### [Prompt]
What the answer must contain is every line of the records, exactly, with no pictures.

-- Opening Marker --

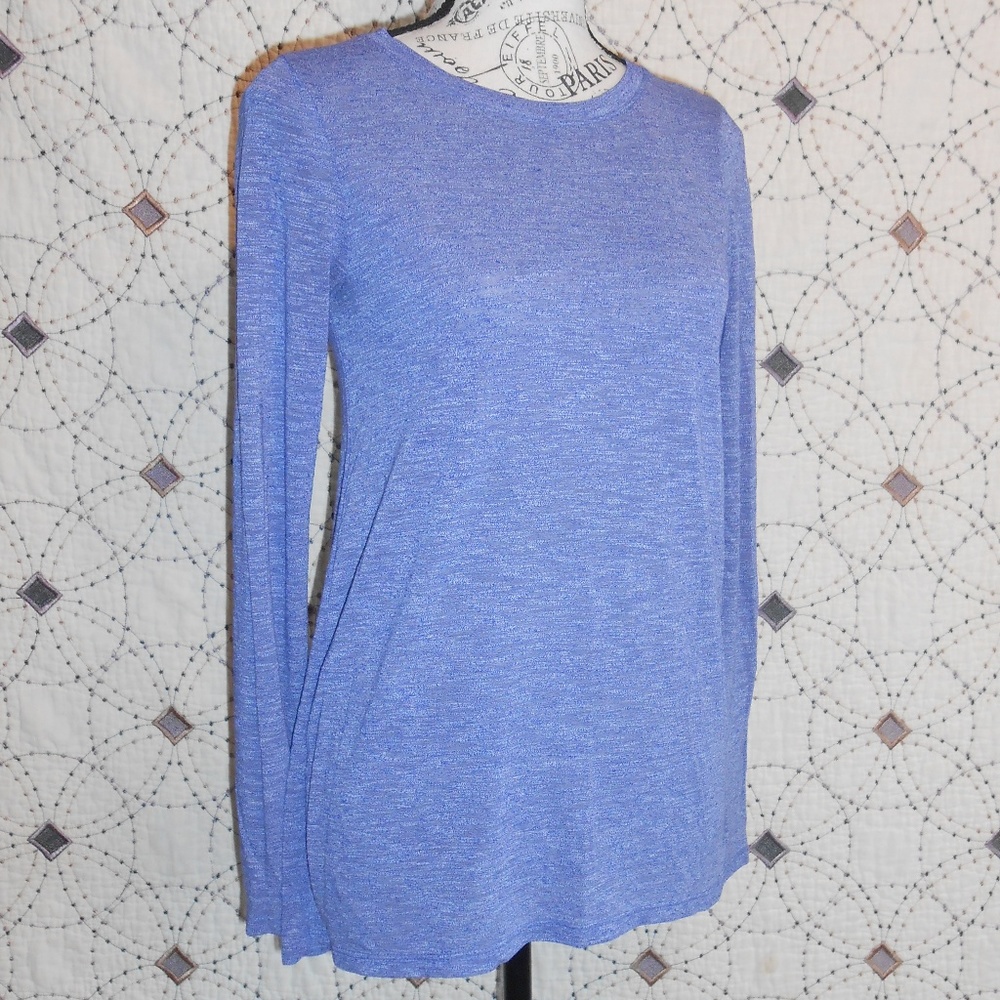 EUC Athleta Blue Long Sleeve Tee XS
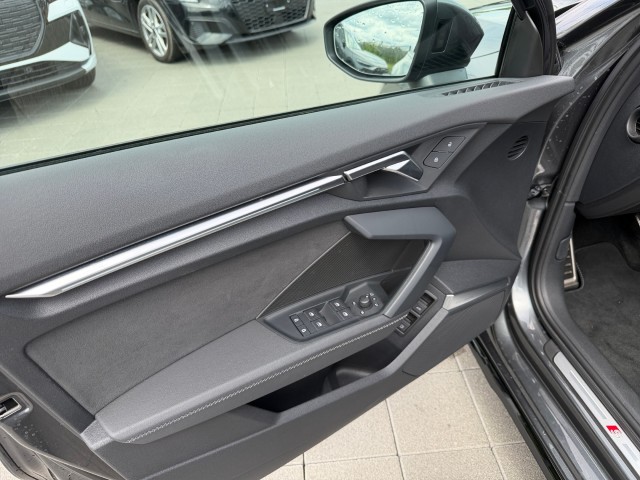 AUDI A3 Sportback 40 TFSI e S line Attraction S-tronic-image-10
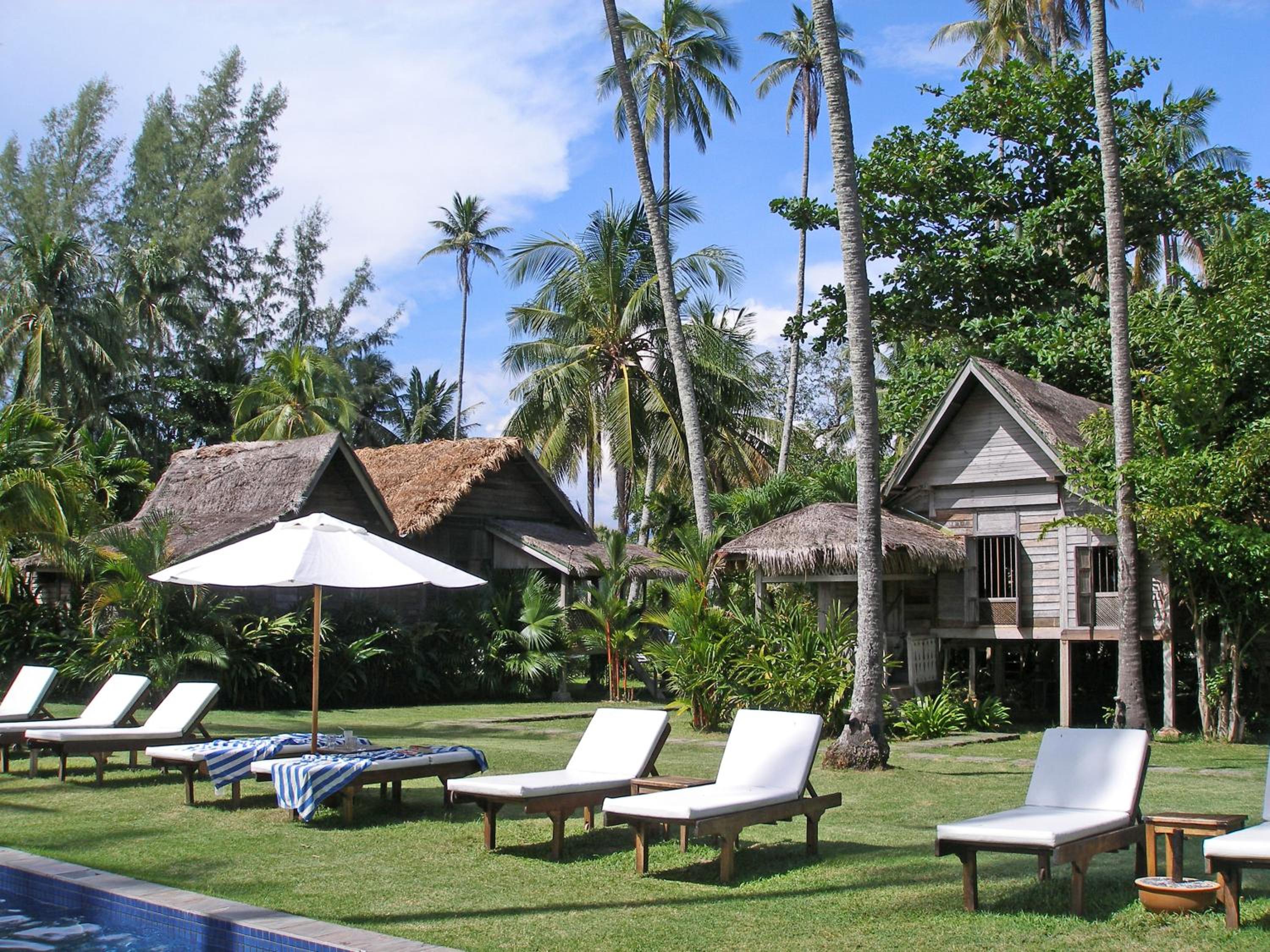 Bon Ton Antique Wooden Villas view 2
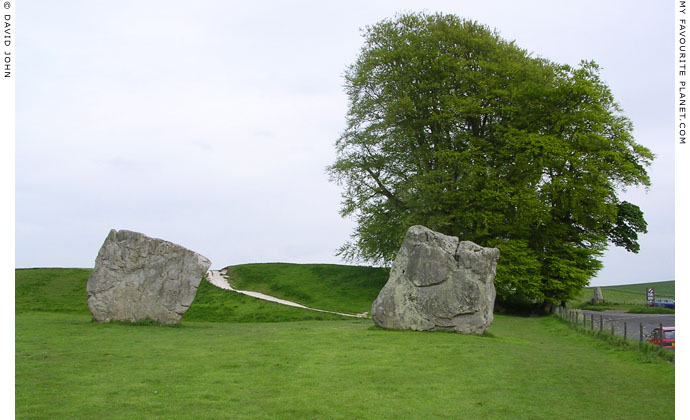 The portal stones of Avebury Henge, Wiltshire at My Favourite Planet The portal stones of Avebury Henge, Wiltshire at My Favourite Planet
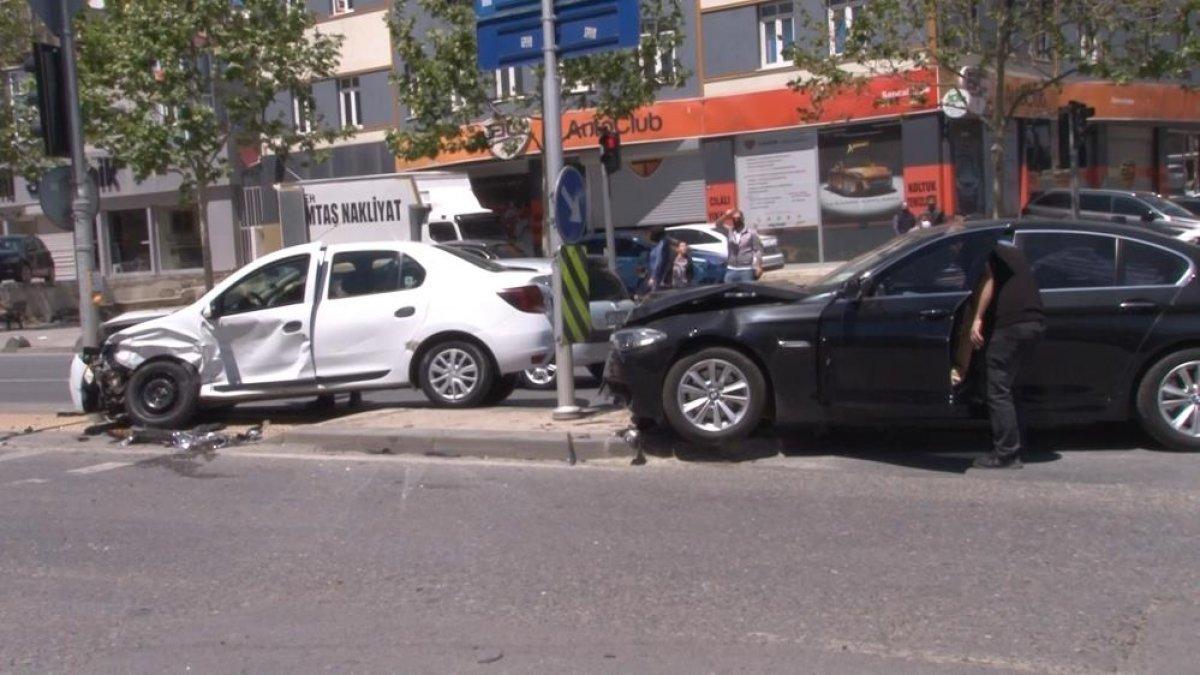 Sancaktepe'de trafik kazası: 1 yaralı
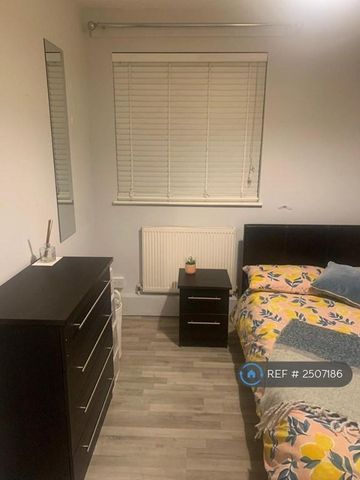 1 bedroom in a flat share to rent - Photo 5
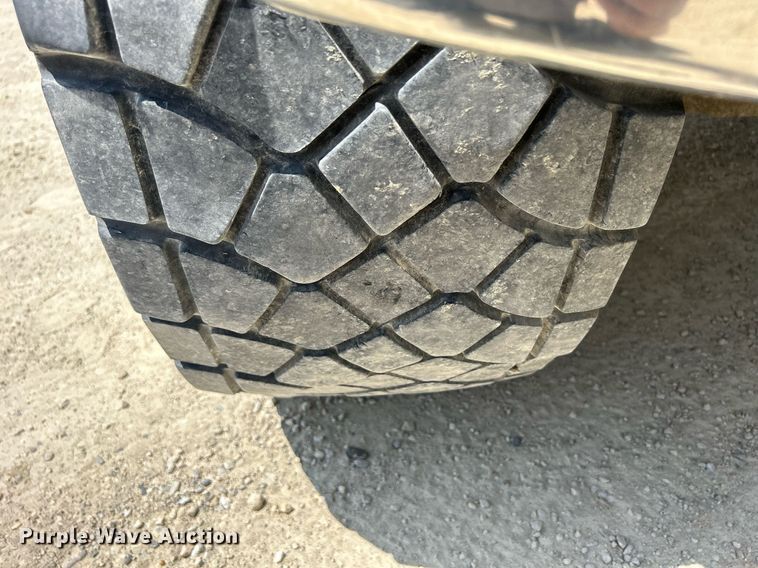 image for item DR4645 2007 Mack CV513 Granite  ready mix truck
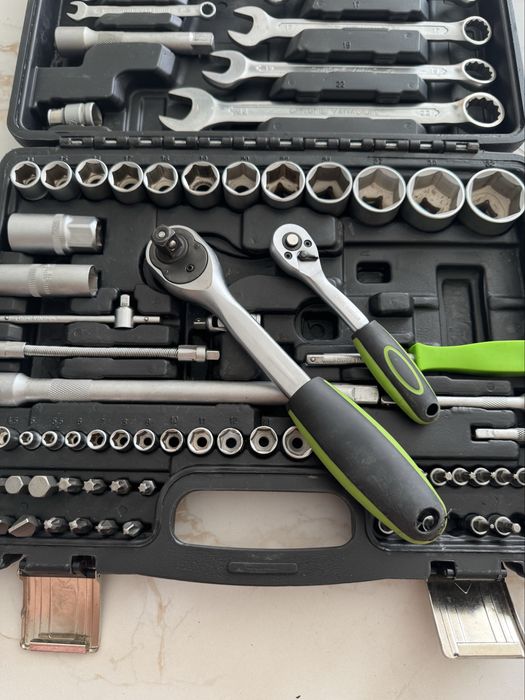 Набір інструментів 82 одиниці. Тріскачка, ключ, головка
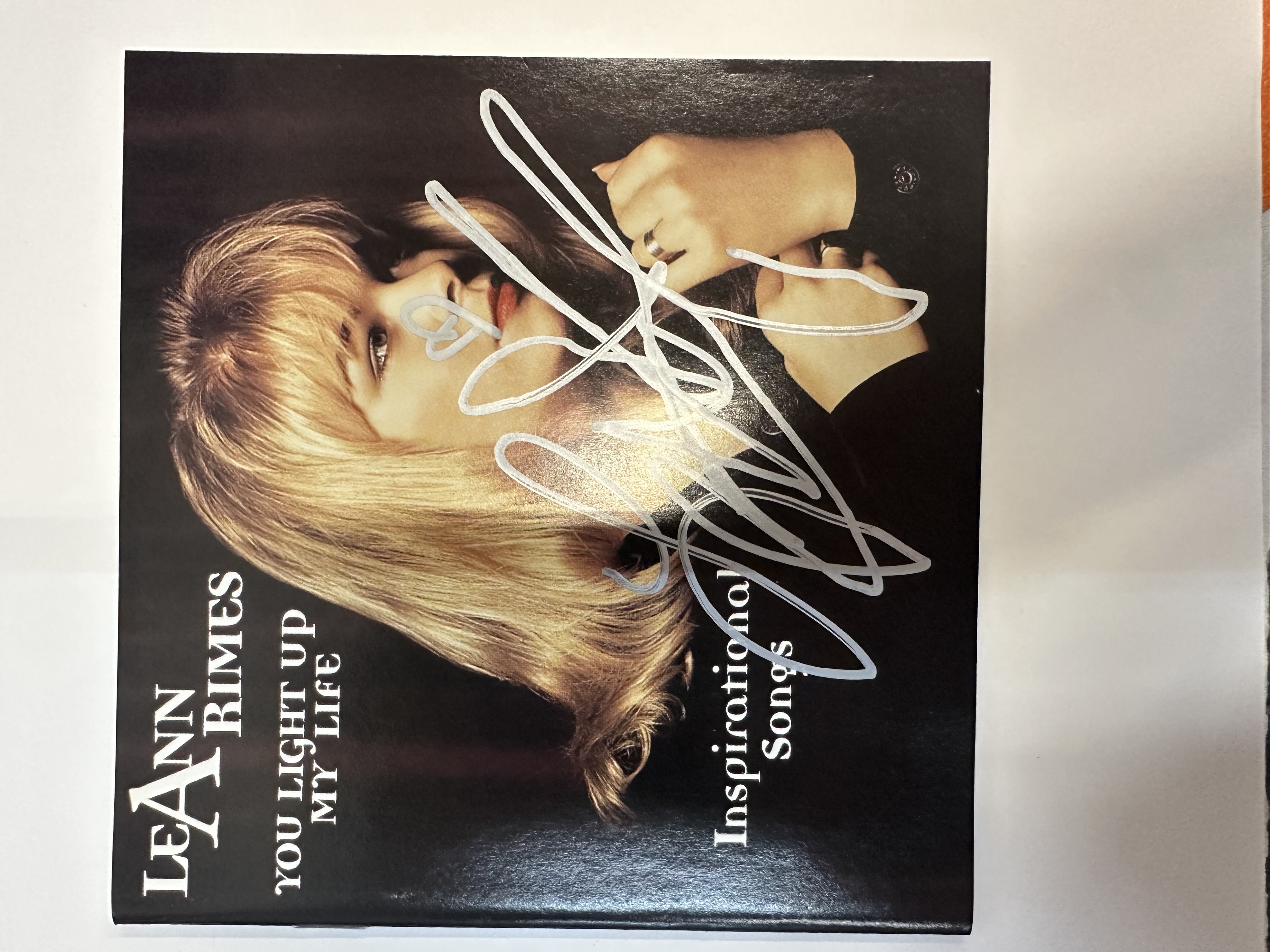 b112361 Leanne Rimes you light up my life inspirational songs, signed autograph CD book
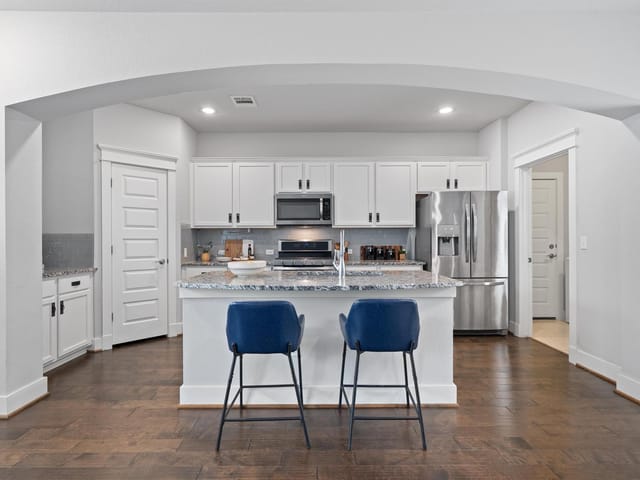 10625 Wills LOOP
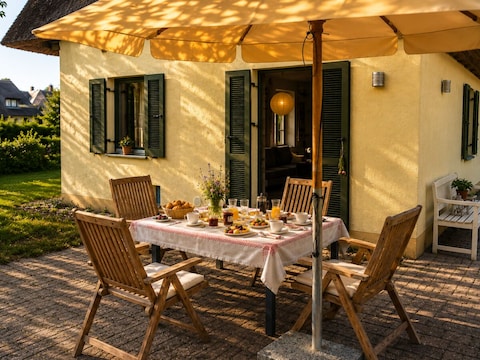 Ferienhaus Haus EDEN - Ihr Urlaub unter Reet auf Rügen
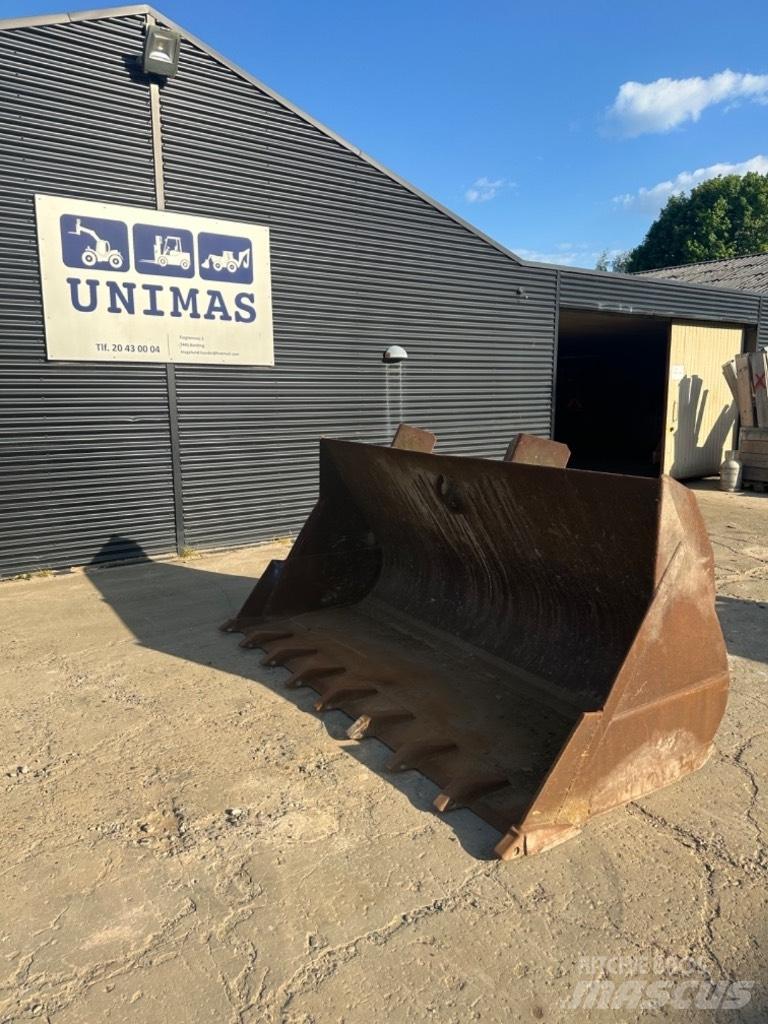 Volvo læsseskovl Buckets
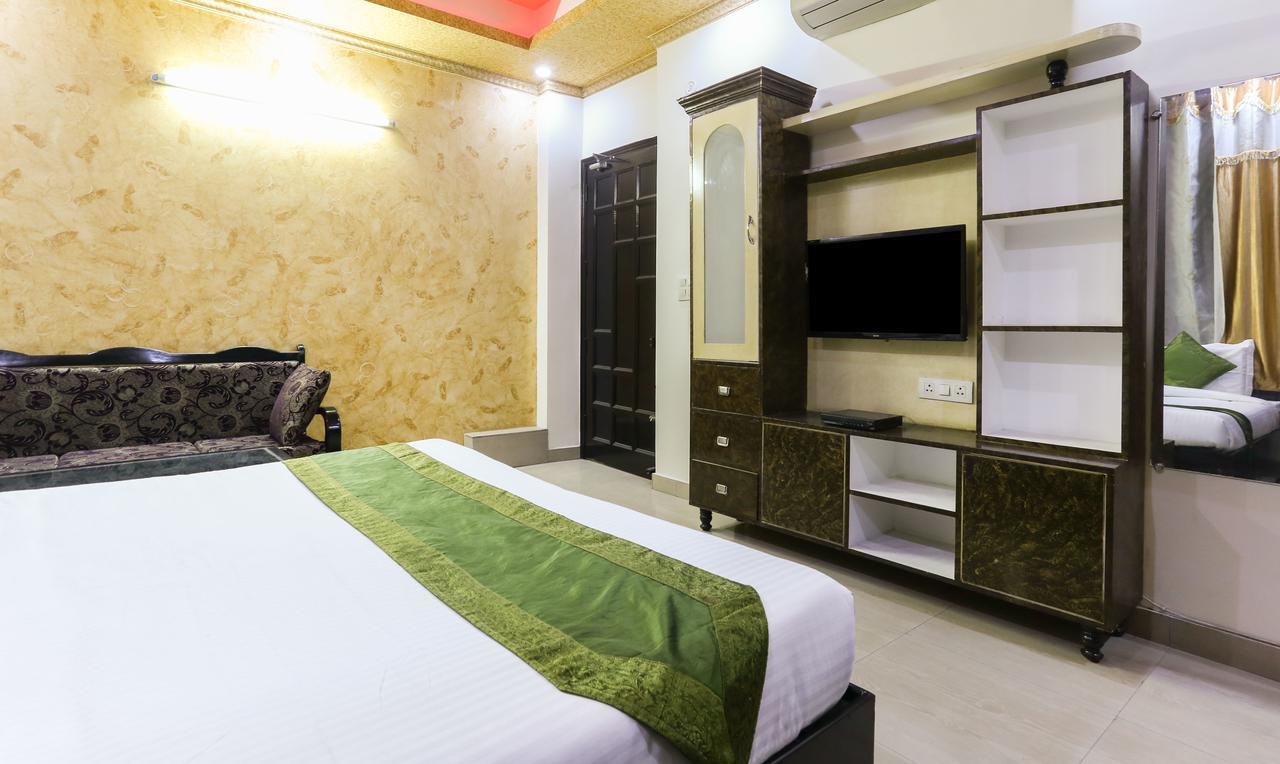 Treebo Trip Sswag 18 Expressway Hotel โนอิดา ภายนอก รูปภาพ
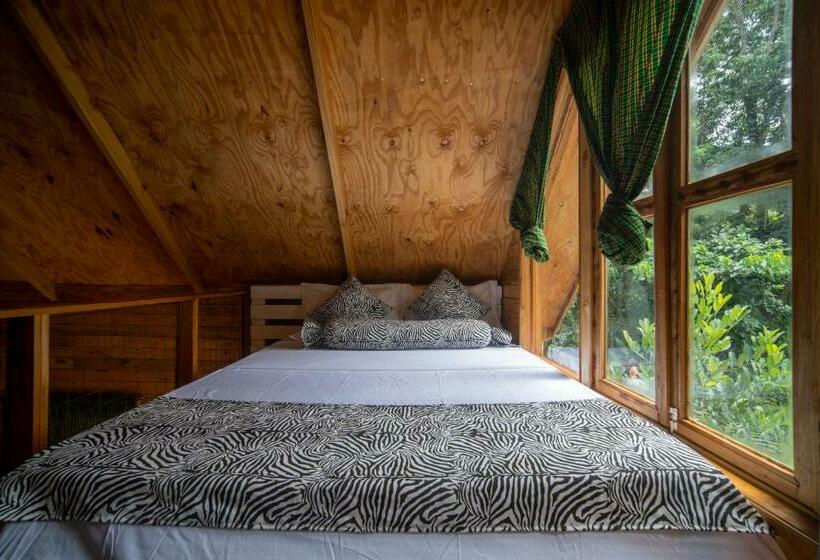 스탠다드 트리플 룸, River Off Grid Eco Cabins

-- Closing Marker --

### [Output of the exercise]
 EUC Athleta Blue Long Sleeve Tee XS
 AUDI A3 Sportback 40 TFSI e S line Attraction S-tronic-image-10
 Bon Ton Antique Wooden Villas view 2
 The portal stones of Avebury Henge, Wiltshire at My Favourite Planet The portal stones of Avebury Henge, Wiltshire at My Favourite Planet
 Sancaktepe'de trafik kazası: 1 yaralı
 1 bedroom in a flat share to rent - Photo 5
 image for item DR4645 2007 Mack CV513 Granite  ready mix truck
 Набір інструментів 82 одиниці. Тріскачка, ключ, головка
 b112361 Leanne Rimes you light up my life inspirational songs, signed autograph CD book
 10625 Wills LOOP
 Ferienhaus Haus EDEN - Ihr Urlaub unter Reet auf Rügen
 Volvo læsseskovl Buckets
 Treebo Trip Sswag 18 Expressway Hotel โนอิดา ภายนอก รูปภาพ
 스탠다드 트리플 룸, River Off Grid Eco Cabins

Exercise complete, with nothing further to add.